C# Regular Expressions

by Brad Merrill
01/18/2001

Introduction

Regular expressions have been used in various programming languages and tools for many years. The .NET Base Class Libraries include a namespace and a set of classes for utilizing the power of regular expressions. They are designed to be compatible with Perl 5 regular expressions whenever possible.

In addition, the regexp classes implement some additional functionality, such as named capture groups, right- to-left pattern matching, and expression compilation.

In this article, I'll provide a quick overview of the classes and methods of the System.Text.RegularExpression assembly, some examples of matching and replacing strings, a more detailed walk-through of a grouping structure, and finally, a set of cookbook expressions for use in your own applications.

Presumed Knowledge Base

Regular expression knowledge seems to be one of those topics that most programmers have learned and forgotten, more than once. For the purposes of this article, I will presume some previous use of regular expressions, and specifically, some experience with their use within Perl 5, as a reference point. The .NET regexp classes are a superset of Perl 5 functionality, so this will serve as a good conceptual starting point.

I'm also presuming a basic knowledge of C# syntax and the .NET Framework environment.

If you are new to regular expressions, I suggest starting with some of the basic Perl 5 introductions. The perl.com site has some great resource materials and introductory tutorials.

Related Reading

C# Essentials
By Ben Albahari, Peter Drayton, Brad Merrill

The definitive work on regular expressions is Mastering Regular Expressions, by Jeffrey E. F. Friedl. For those who want to get the most out of working with regular expressions, I highly recommend this book.
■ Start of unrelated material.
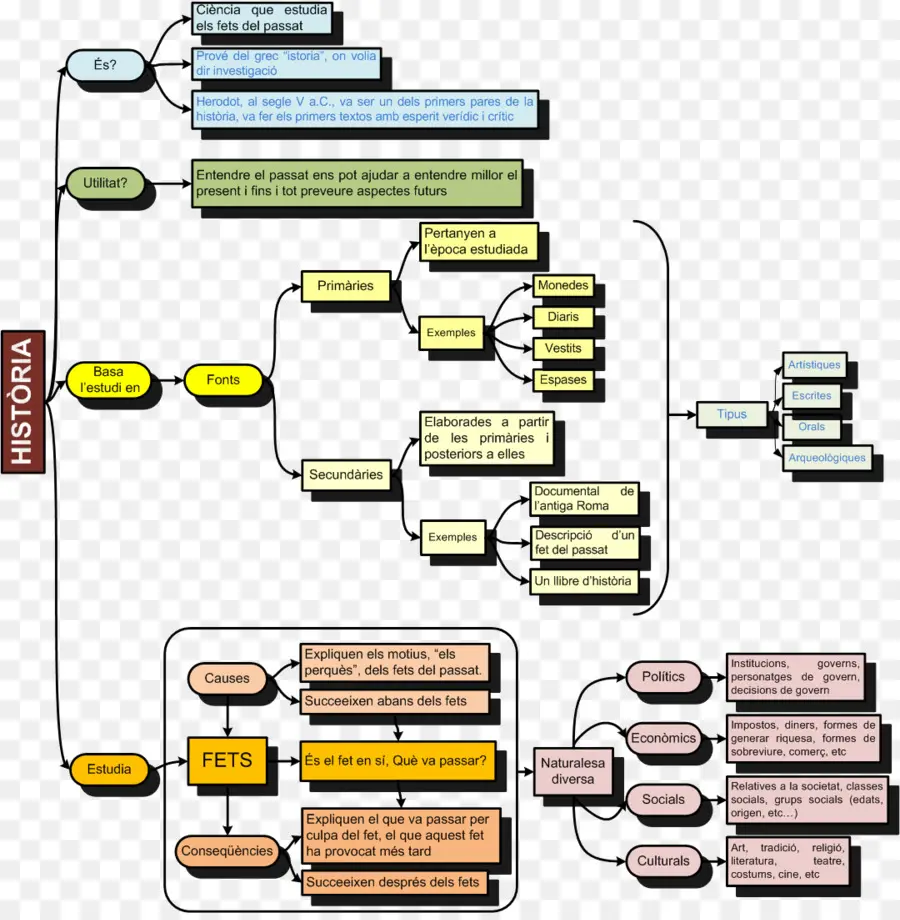 Renacimiento，Cronología PNG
The RegularExpression Assembly

The regexp classes are contained in the System.Text.RegularExpressions.dll assembly, and you will have to reference the assembly at compile time in order to build your application. For example: csc /r:System.Text.RegularExpressions.dll foo.cs will build the foo.exe assembly, with a reference to the System.Text.RegularExpressions assembly.
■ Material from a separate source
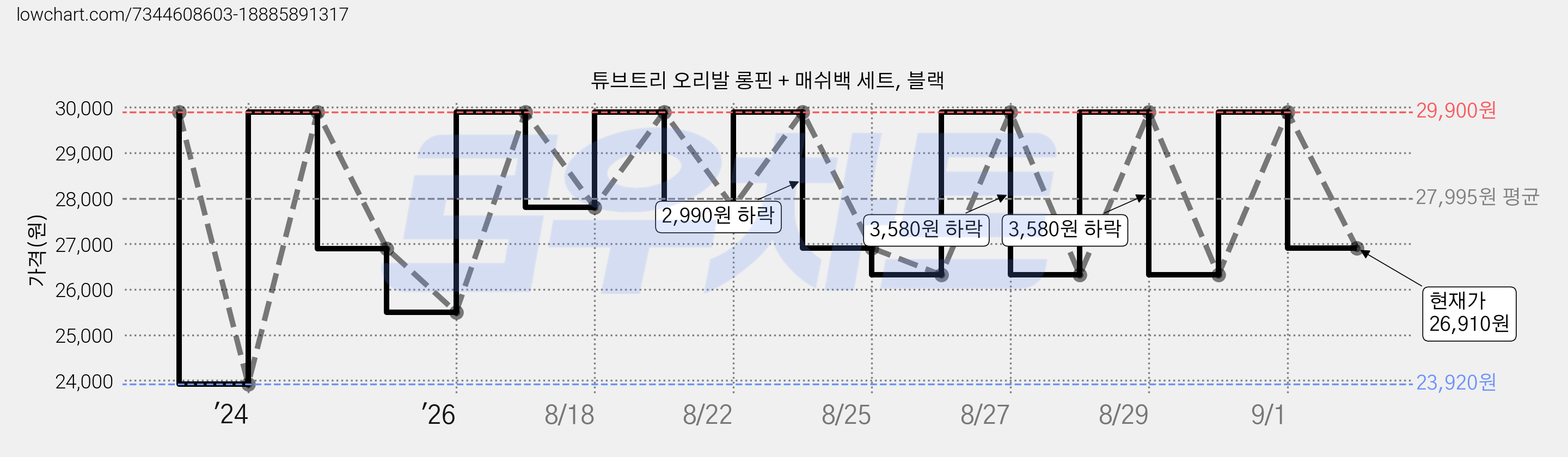 튜브트리 오리발 롱핀 + 매쉬백 세트, 블랙 가격 변동 차트, 현재가 26,910원, 관측 최저가 23,920원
A Brief Overview of the Namespace

There are actually only six classes and one delegate definition in the assembly namespace. These are:

Capture: Contains the results of a single match

CaptureCollection: A sequence of Capture's

Group: The result of a single group capture, inherits from Capture

Match: The result of a single expression match, inherits from Group

MatchCollection: A sequence of Match's

MatchEvaluator: A delegate for use during replacement operations

Regex: An instance of a compiled regular expression

The Regex class also contains several static methods:

Escape: Escapes regex metacharacters within a string

IsMatch: Methods return a boolean result if the supplied regular expression matches within the string

Match: Methods return Match instance

Matches: Methods return a list of Match as a collection

Replace: Methods that replace the matched regular expressions with replacement strings

Split: Methods return an array of strings determined by the expression

Unescape: Unescapes any escaped characters within a string

Simple Matches

Let's start with simple expressions using the Regex and the Match class.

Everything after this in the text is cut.